Por Alejandro Mondragón
La elección del 1 de julio del 2018 que inició en Puebla con violencia: muertos, robos de urnas y presencia de pandilleros ante la ausencia de la fuerza pública, concluyó con la evidente ruptura de la cadena de custodia de los paquetes electorales.
El árbitro, el Instituto Estatal Electoral, plegado a las órdenes del morenovallismo, lo que menos le importó fue la imparcialidad democrática.
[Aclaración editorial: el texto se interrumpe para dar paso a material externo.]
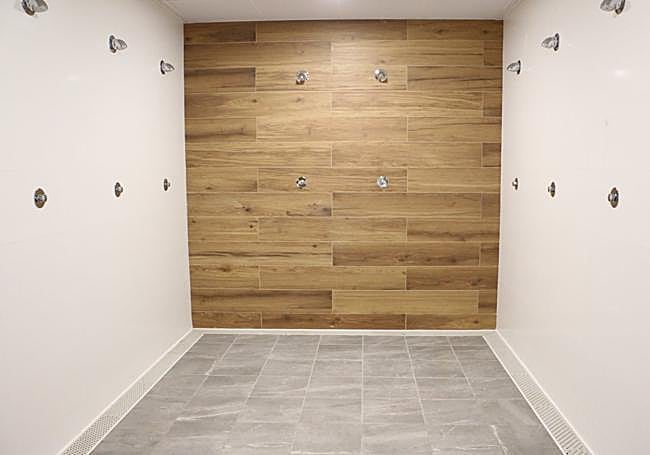Las nuevas duchas con revestimiento de madera en la pared.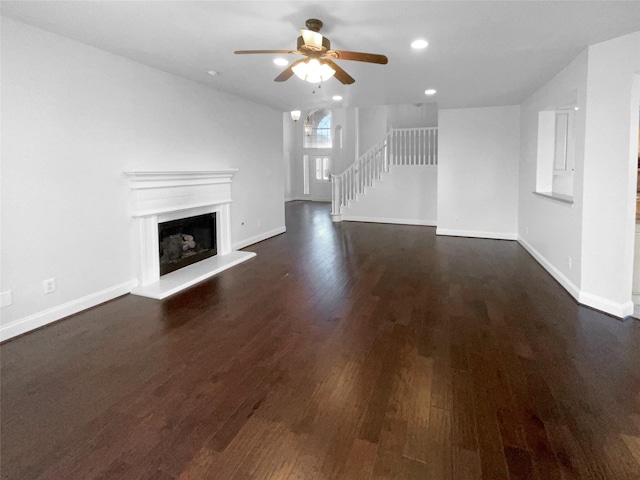 unfurnished living room featuring dark hardwood / wood-style floors and ceiling fan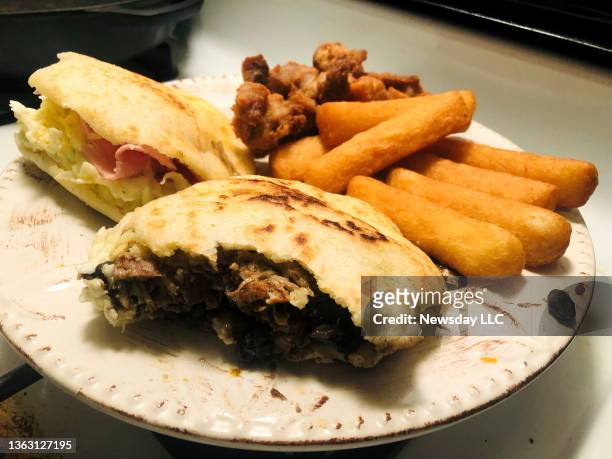 Photo of arepas, yucca fries and cochino frito on a plate at the Arepas Café, a new Venezuelan eatery in North Merrick, New York, on December 17,...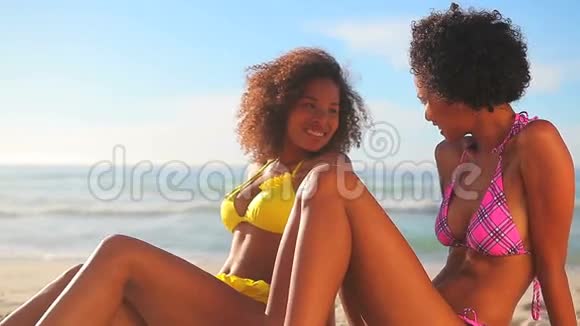 快乐的黑发女人坐在沙滩上视频的预览图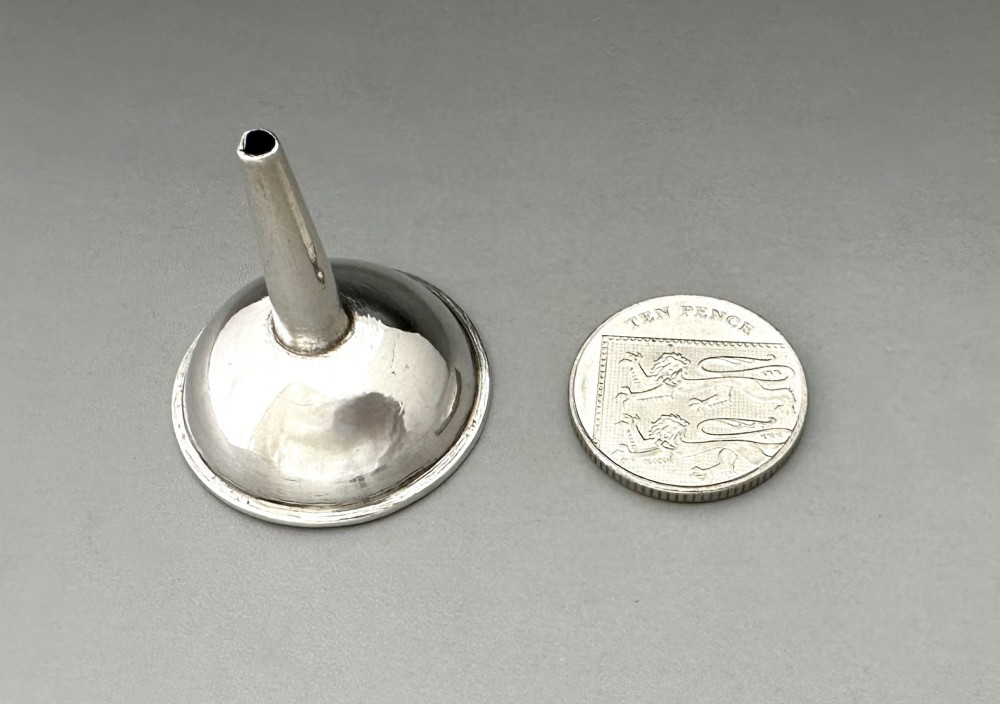 An Old Sheffield plate silver perfume funnel featuring a conical bowl and a narrow tapered spout resting upright. View VII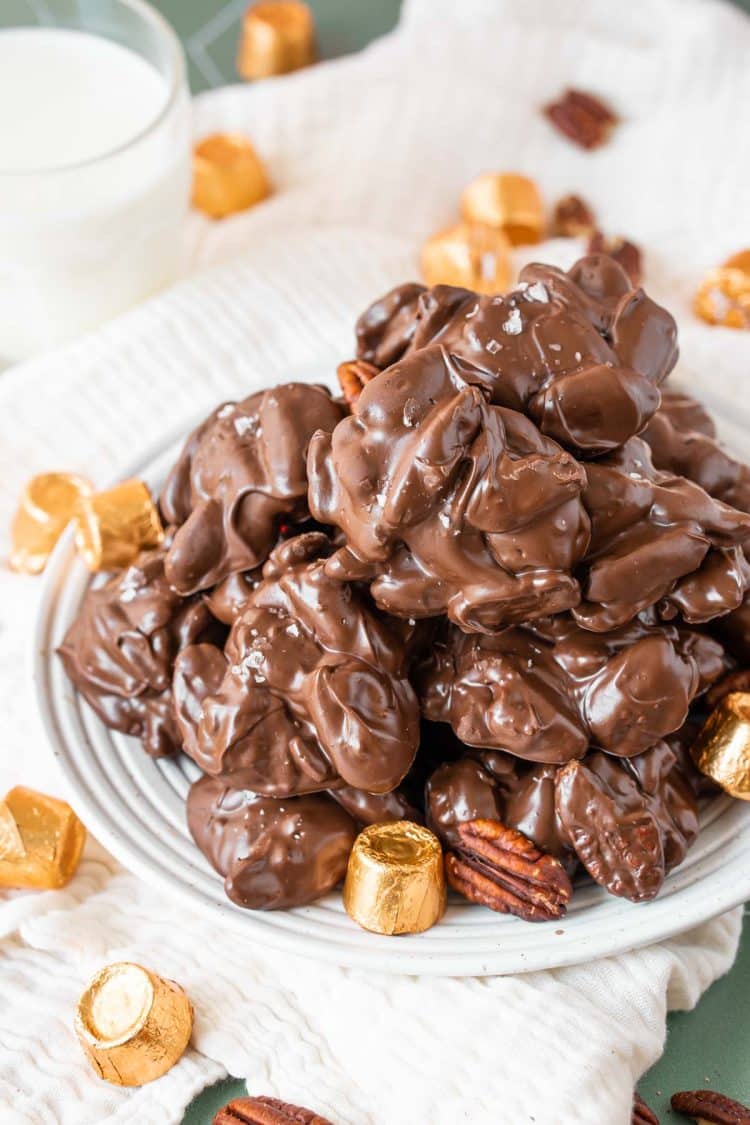 Turtle candies on a white plate.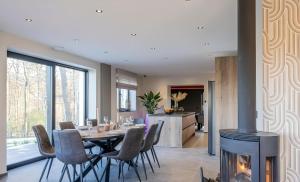a dining room with a table and a fireplace at Au bout du bois in Jalhay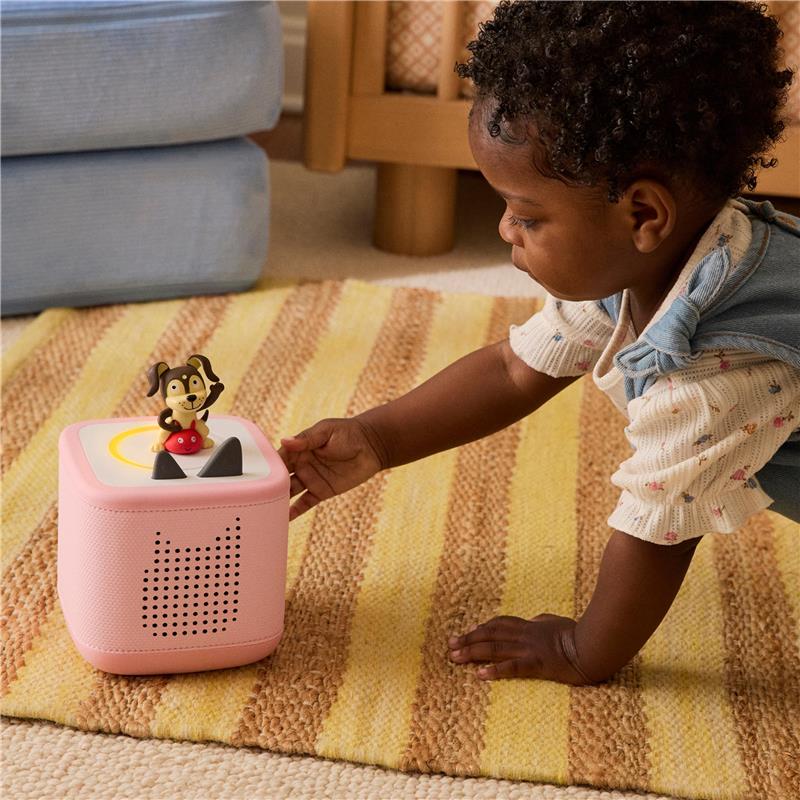 A child interacts with a pink Toniebox audio player featuring a playful puppy figure on top, set on a striped rug.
El resultado fue el despojo del triunfo a Luis Miguel Barbosa, quien llevó su denuncia ante el Tribunal Electoral del Poder Judicial de la Federación, cuyos magistrados antes de favorecer al morenovallismo, exhibieron las irregularidades en todo el proceso y la forma en la que el IEE descuidó la cadena de custodia de la paquetería de los votos.
Morena procedió a denunciar a los consejeros electorales por mapaches ante el Instituto Nacional Electoral y este organismo, tres años después, exoneró a los funcionarios, con lo que dejó ese mal sabor a impunidad.
Protegió a los consejeros denunciados, algunos ya sin funciones, y emitió sanciones hacia funcionarios menores.
Hubo evidencias en video que al menos 19 funcionarios manosearon la paquetería electoral, sin que los consejeros hicieran algo al respecto.
El INE que basó la exoneración en el fallo del TEPJF favorable al morenovallismo estimó que tales violaciones a la cadena de custodia no alteraron el resultado electoral.
¿Y la violencia en las calles?
¿La tolerancia policíaca para que pandilleros robaran urnas, amedrentaran a ciudadanos y funcionarios de casilla?
¿Por qué se toleró la manipulación de la paquetería y que le metieran mano a los sistemas de cómputo?
Me queda claro que la justicia ha llegado por otros lados contra aquellos implicados de la fechoría electoral y los que hoy se salvan no tardan en pagar su cuota.
Los principales implicados acabaron en el entierro o encierro, los otros: en el exilio político.
Ese será el karma de una elección violenta.